Il resto è storia di questi mesi, che conoscete anche voi. Paolo Zoccola a scrivere, commentare, dibattere ci aveva ripreso gusto, e noi ne eravamo orgogliosissimi. Quel che magari non sapete è che era nato tra noi un rapporto non solo professionale ma di amicizia, assolutamente diretta e profonda. “Mi raccomando – ci diceva ogni tanto – se scrivo qualche stupidaggine, o qualche punto di vista che vi crea problemi, ditemelo e modifico senza problemi”. Ma, naturalmente, non è mai successo, e non ci saremmo mai permessi di farlo. Perché Paolo Zoccola, anche quando prendeva posizioni nette e decise sui diversi temi (ossia sempre: era uomo di grande garbo, ma anche dalle idee forti e definite) lo faceva mettendosi dalla parte del dialogo, del dubbio, del confronto. Si capiva che era refrattario ai dogmi, di qualsiasi tipo e natura. E, personalmente, mi piaceva anche per questo.
Non solo: col passare dei mesi prese a viziarci, e il ‘concordato’ editoriale settimanale di Paolo divennero due, spesso tre.

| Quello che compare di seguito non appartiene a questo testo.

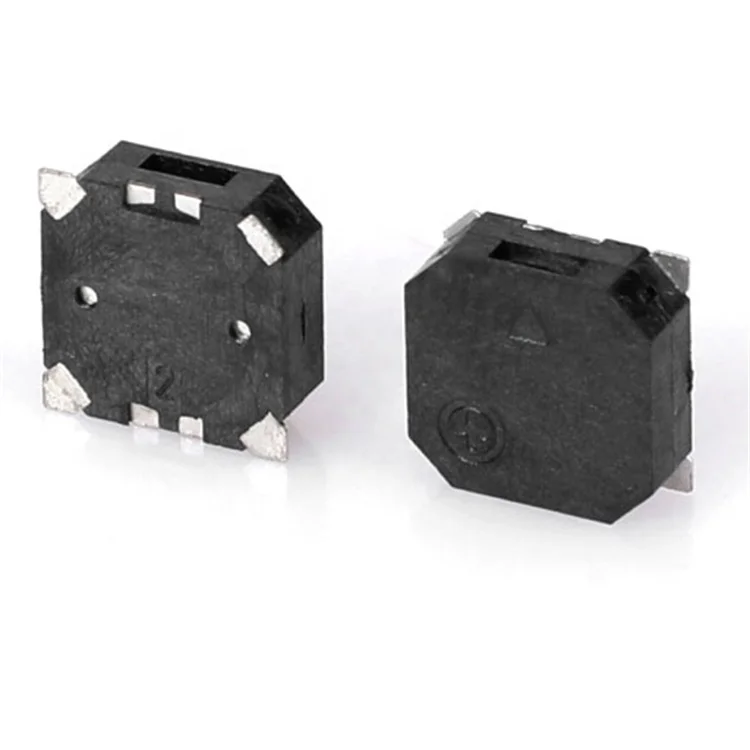 3 6 v 5V AC 8 5*8 5*3 мм 30ohm квадратный пассивный магнитный зуммер SMD MLT-8530 для телефона или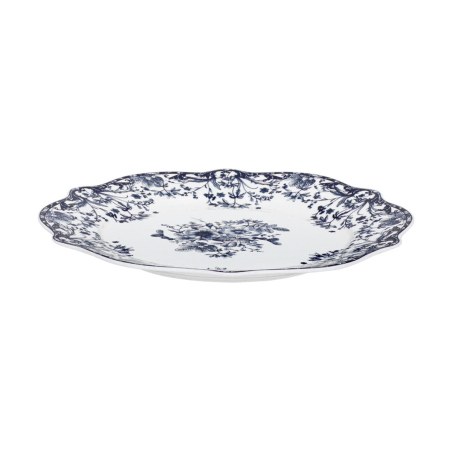 Estia Πιάτο Ρηχό Reverie 27Cm Blue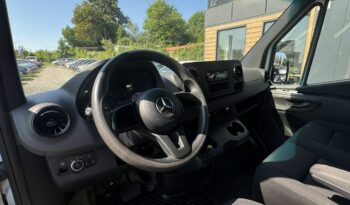 Mercedes Sprinter I właściciel Salon Polska Poleasingowy Serwis ASO VAT 23% Bezwypadkowy full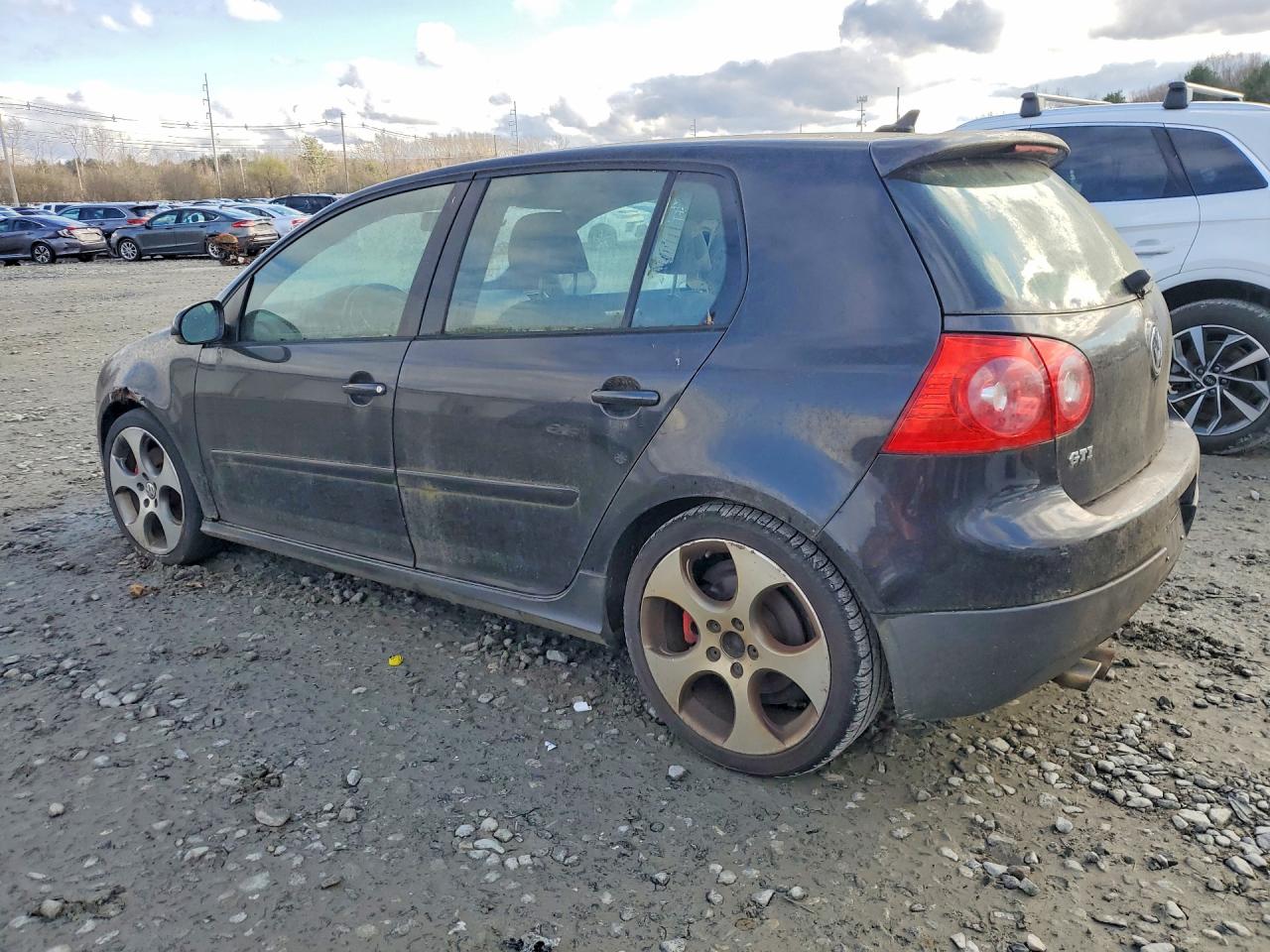 2009 VOLK GTI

Mi bastava mandargli un’e-mail: “Direttore, domani sono in giro tutto il giorno, e mi sa che non riesco a scrivere niente”. E lui: “tranquillo, ci penso io: entro sera arriva la coda”.
La sua rubrica purtroppo si ferma al 10 marzo.

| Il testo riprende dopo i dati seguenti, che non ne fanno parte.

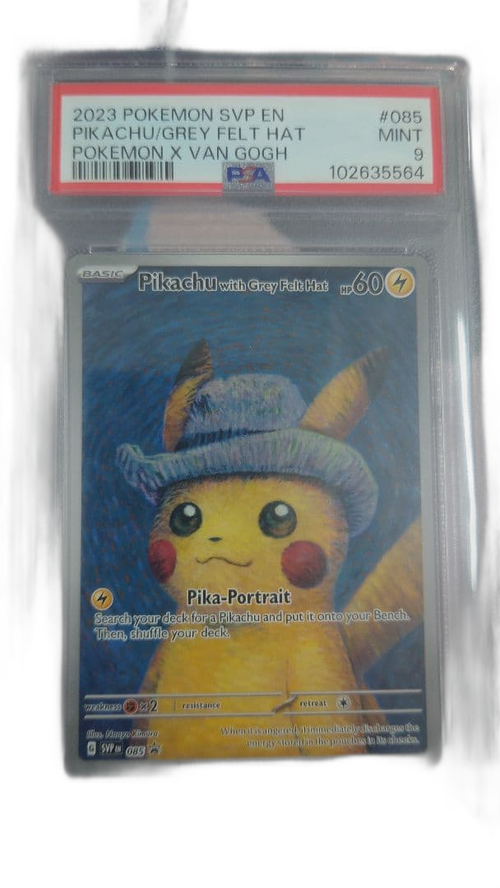 Pokemon Card Game Psa9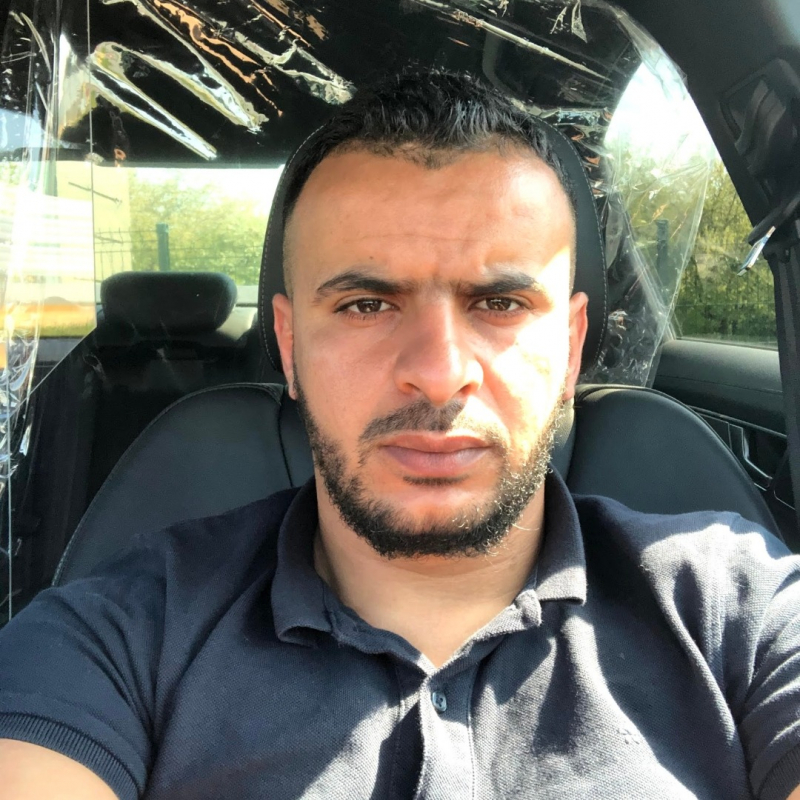 Photo de profil pour le VTC Hotransport à Asnières-sur-Seine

Qualche settimana prima ci eravamo visti, per un caffè e molte preziose riflessioni sull’Alessandria di ieri e di oggi, e lo trovai piuttosto affaticato. Anche se, da uomo schivo, preferiva parlare poco di sé, e men che meno dei suoi problemi di salute.
“Mi sa che devo fermarmi un po’ Ettore, sono sopraffatto da questioni di varia natura, ma spero di riprendere quanto prima a scrivere per il vostro bel giornale”, mi scrisse a metà marzo. In un paio di telefonate successive capii che non sarebbe stato così. Anche se speravo che potesse migliorare, e che davvero tornasse a scrivere, ma soprattutto a regalarci, anche in privato, i suoi sprazzi di ironia, e di intelligenza lucida. Perché Paolo aveva ancora voglia di vivere, e anche di cambiare in meglio questo Paese. Per questo ci mancherà la sua Coda dell’occhio, e la sua amicizia.
Ciao, Direttore.
Il funerale di Paolo Zoccola sarà celebrato mercoledì mattina alle 10, nella chiesa di San Pio V. Il rosario, nella stessa chiesa, martedì sera alle 19.